▸ **DATA SHOWN**:

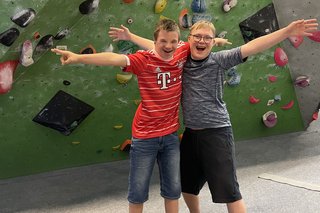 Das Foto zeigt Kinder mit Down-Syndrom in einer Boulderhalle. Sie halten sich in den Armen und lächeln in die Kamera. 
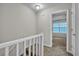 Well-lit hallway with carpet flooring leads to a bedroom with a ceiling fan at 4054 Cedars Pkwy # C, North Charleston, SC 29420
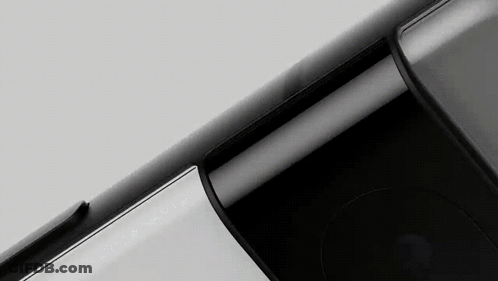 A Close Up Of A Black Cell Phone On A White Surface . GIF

==

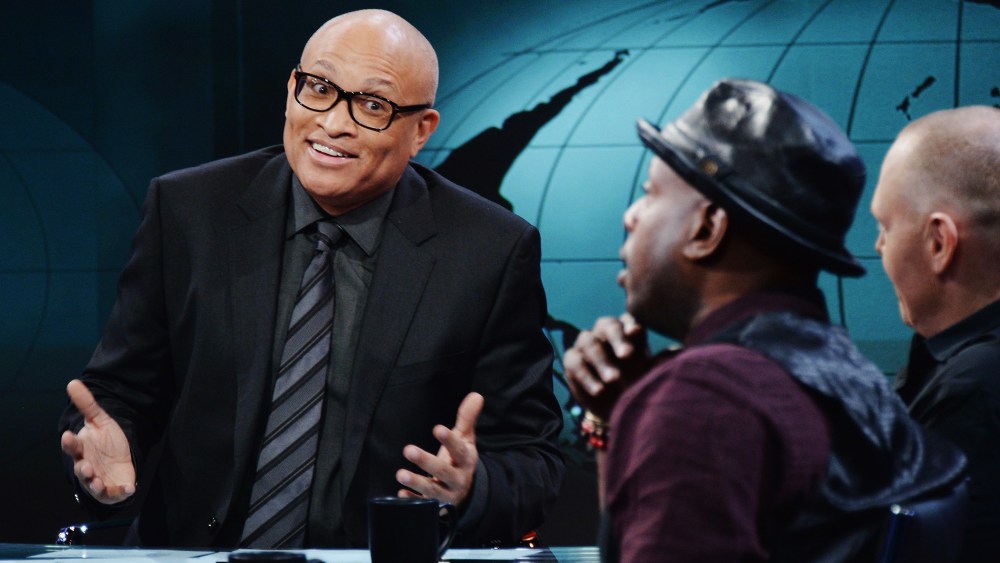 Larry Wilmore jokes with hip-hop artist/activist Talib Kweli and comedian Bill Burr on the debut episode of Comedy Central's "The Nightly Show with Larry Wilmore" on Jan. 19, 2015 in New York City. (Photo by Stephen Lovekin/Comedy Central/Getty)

▸ **TASK**: Give again the stretch of the entries above that begins at the line with "Das Foto zeigt" and ends at the line with "A Close Up Of", word for word, with no pictures.

▸ **ANSWER**:
 Das Foto zeigt Kinder mit Down-Syndrom in einer Boulderhalle. Sie halten sich in den Armen und lächeln in die Kamera. 
 Well-lit hallway with carpet flooring leads to a bedroom with a ceiling fan at 4054 Cedars Pkwy # C, North Charleston, SC 29420
 A Close Up Of A Black Cell Phone On A White Surface . GIF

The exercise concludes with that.